* **Problem details**: Only the stretch below from the line holding "ルアナアイナ 大分のエステ・リラクイメージ" through the line holding "Symptomen rosacea" should be restated, word for word and with both ends included; pictures stay out.
** Opening Raw data block **
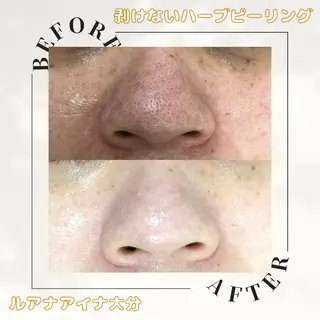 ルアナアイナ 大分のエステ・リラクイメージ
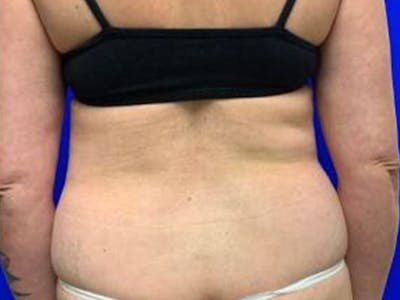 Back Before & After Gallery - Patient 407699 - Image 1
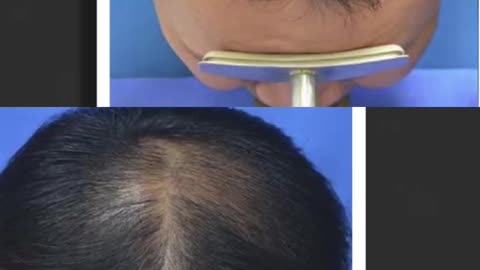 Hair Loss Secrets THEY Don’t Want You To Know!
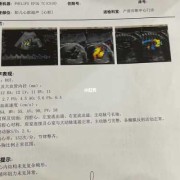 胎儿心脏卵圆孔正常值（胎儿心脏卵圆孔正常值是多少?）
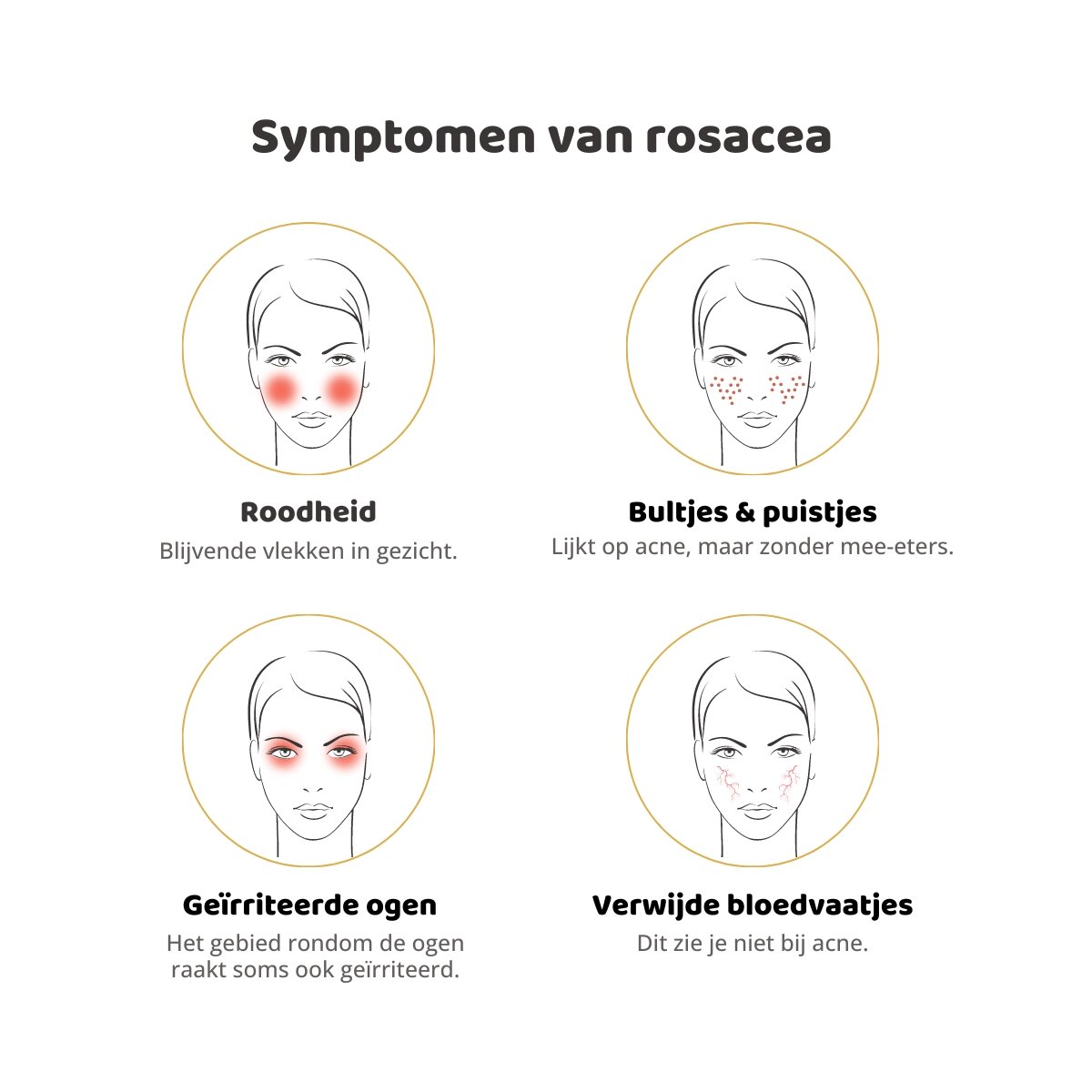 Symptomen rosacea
** Closing Raw data block **
** Opening Raw data block **
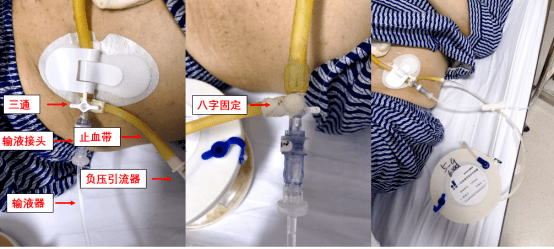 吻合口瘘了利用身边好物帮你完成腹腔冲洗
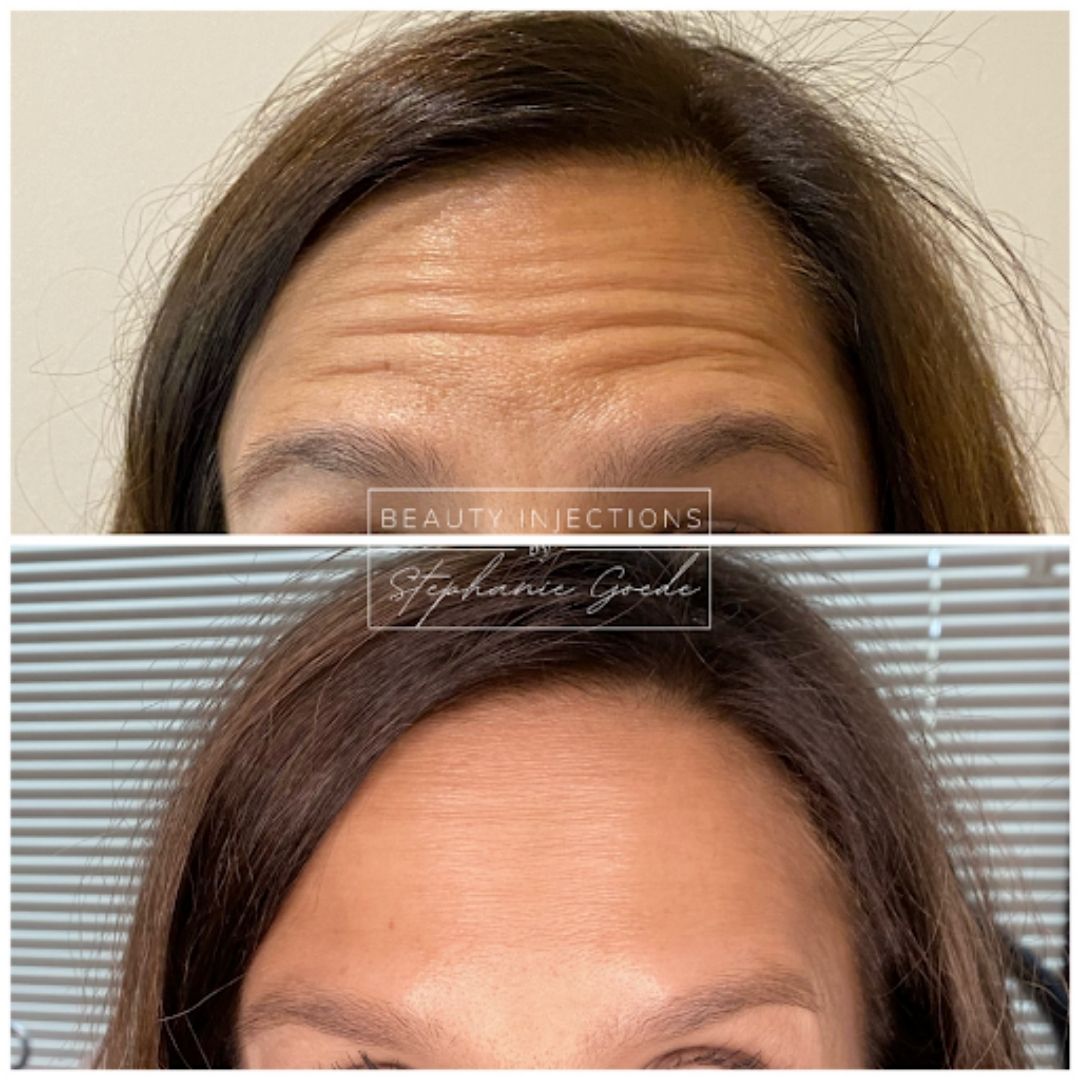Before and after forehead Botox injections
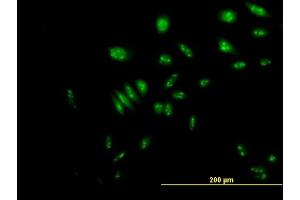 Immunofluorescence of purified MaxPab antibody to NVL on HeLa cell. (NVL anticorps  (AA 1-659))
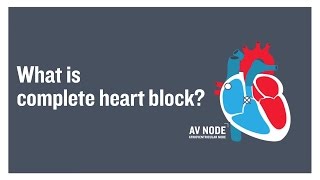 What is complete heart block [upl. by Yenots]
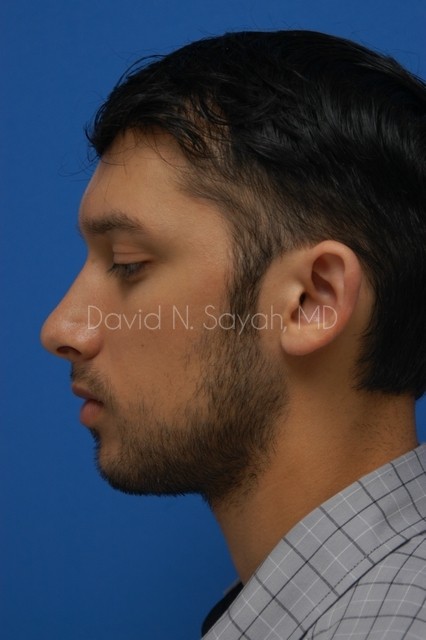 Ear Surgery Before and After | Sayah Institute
** Closing Raw data block **
* **Answer to the exercise**:
 ルアナアイナ 大分のエステ・リラクイメージ
 Back Before & After Gallery - Patient 407699 - Image 1
 Hair Loss Secrets THEY Don’t Want You To Know!
 胎儿心脏卵圆孔正常值（胎儿心脏卵圆孔正常值是多少?）
 Symptomen rosacea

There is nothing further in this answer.